As an infrastructure investor investing in long-term assets, we need to share a common understanding that we are driven by long-term interests, not medium-term interests like private equity players focused on growth and asset flipping. We should be interested in serving them.

How do you see the future of transport investments?

RK: To understand the potential, we can compare the transport sector to the energy sector. In many ways, the energy sector is at the same stage of development as it was a few years ago. Although officially in place for many years, the level of liberalization is quite new, and there are far too many unprofitable and uncompetitive state-owned enterprises with declining market shares.

We saw something similar in the energy sector and it was only thanks to the involvement of private capital that this changed. I think the same will happen in the transport sector.

Shh: In the future, we will see a major transformation, or rather a transformation in the transport sector, and given the scarcity of government funding, private capital will play a very important role in this.

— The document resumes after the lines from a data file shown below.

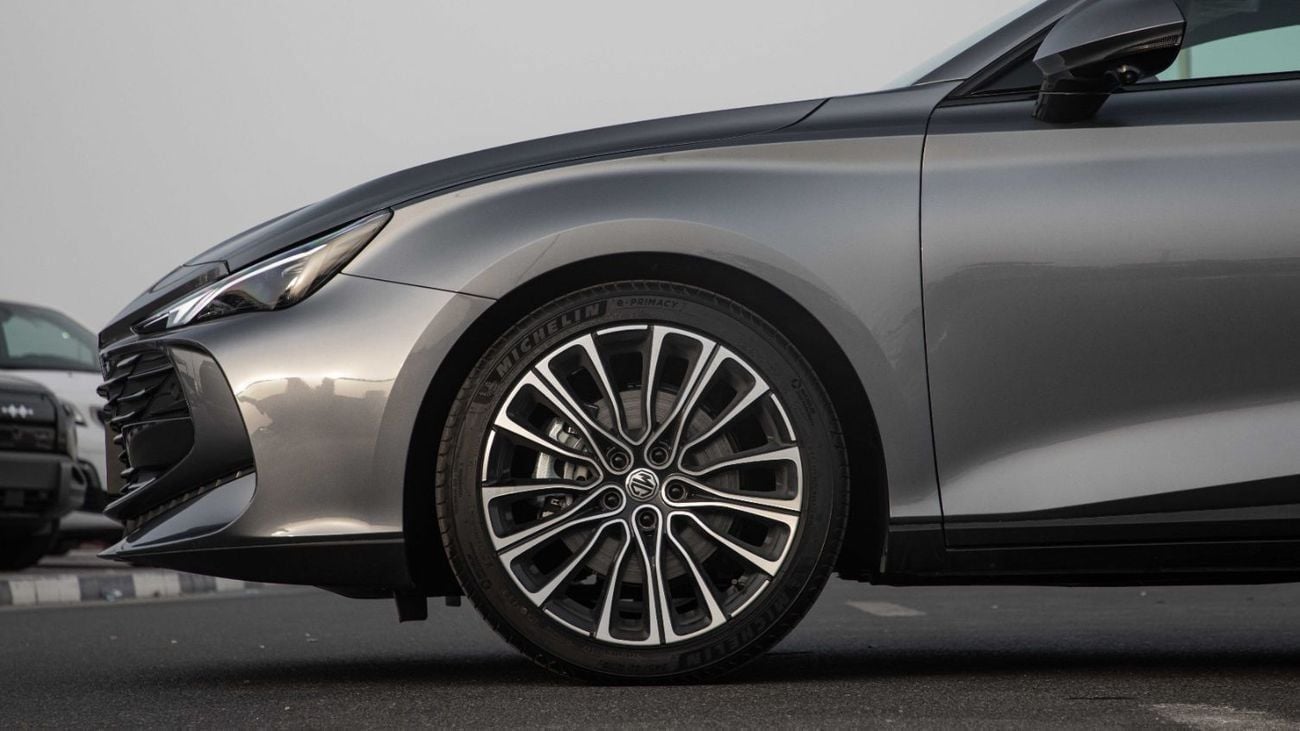 أم جي 7 1.5T DCT Elegance Sport Package with Rear Spoiler | 2025 | For Local Registration +10%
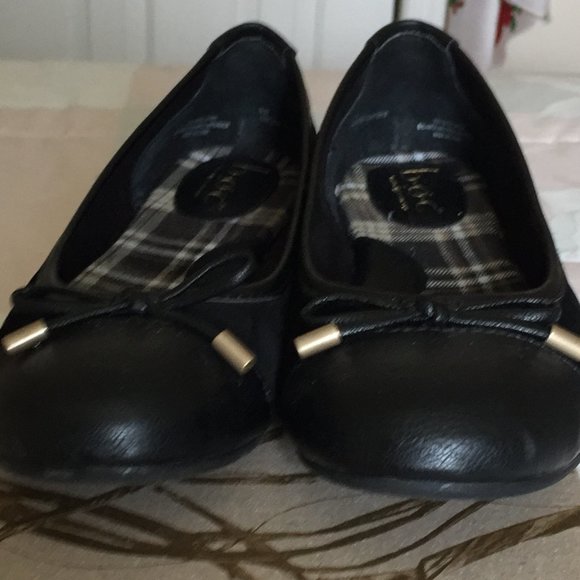 Adorable b o c ballet-style black flats with round bow toe - Picture 4 of 8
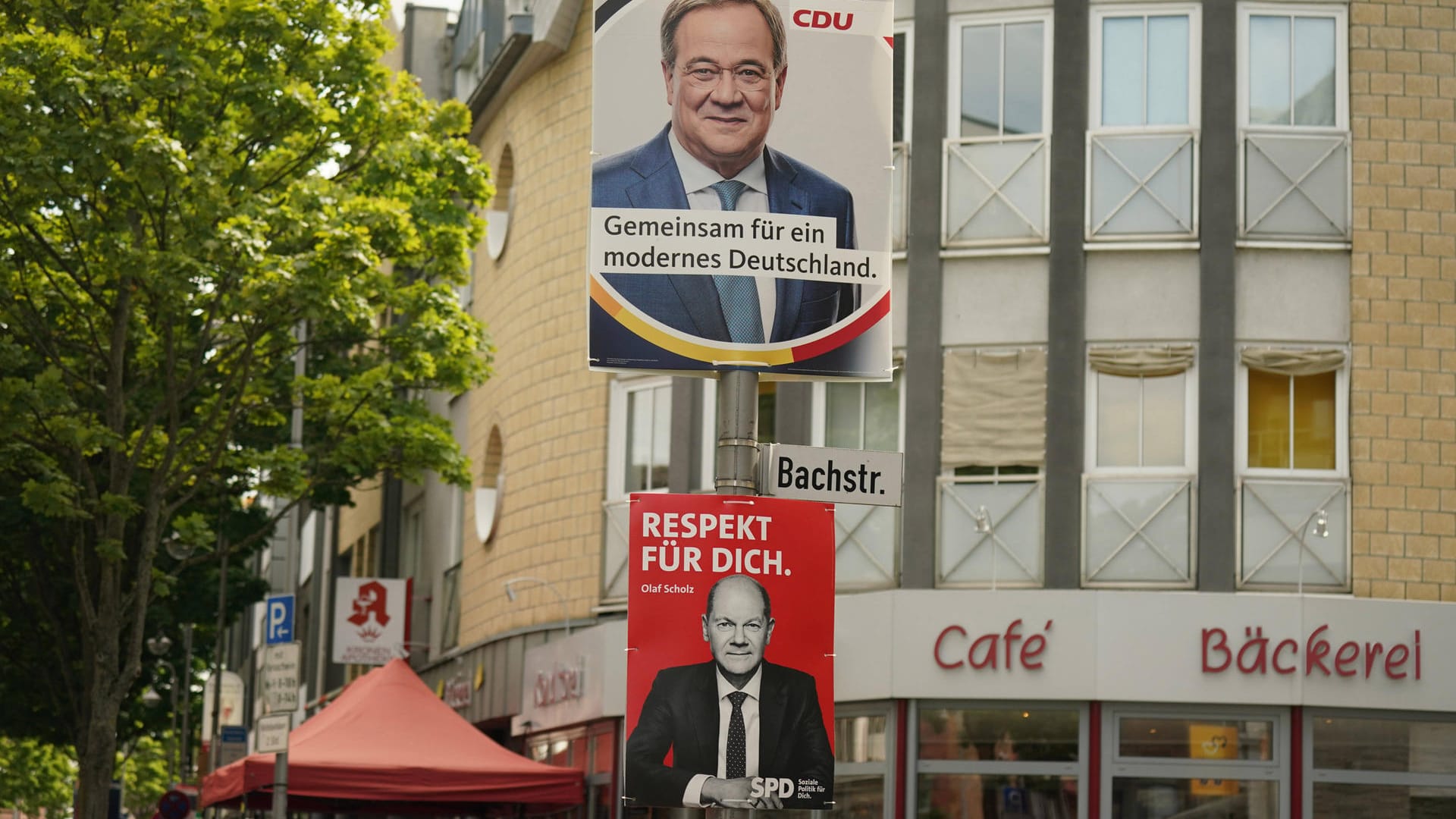 Wahlkampfplakate in Köln (Symbolbild): Ein Mann hat gegen Wahlwerbung randaliert. Wahlkampfplakate in Köln (Symbolbild): Ein Mann hat gegen Wahlwerbung randaliert.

This will be partly driven by regulators, but it will also be largely driven by public demand, as citizens increasingly focus on clean transport.

How do you deal with the challenges of sustainable development in transport investments?

Shh: The problem is that many modes of transport still depend on older assets operating on outdated technology or infrastructure. For example, non-electrified last-mile rail tracks require dual locomotives that carry diesel-based modules. Of course, such assets are still very beneficial from an ecological and socio-economic point of view, which is why we want to drive the transformation in this sector. Our new Article 8 SFDR fund does exactly that by decarbonising and innovating our rail and water assets, making them fit for future modes of transport.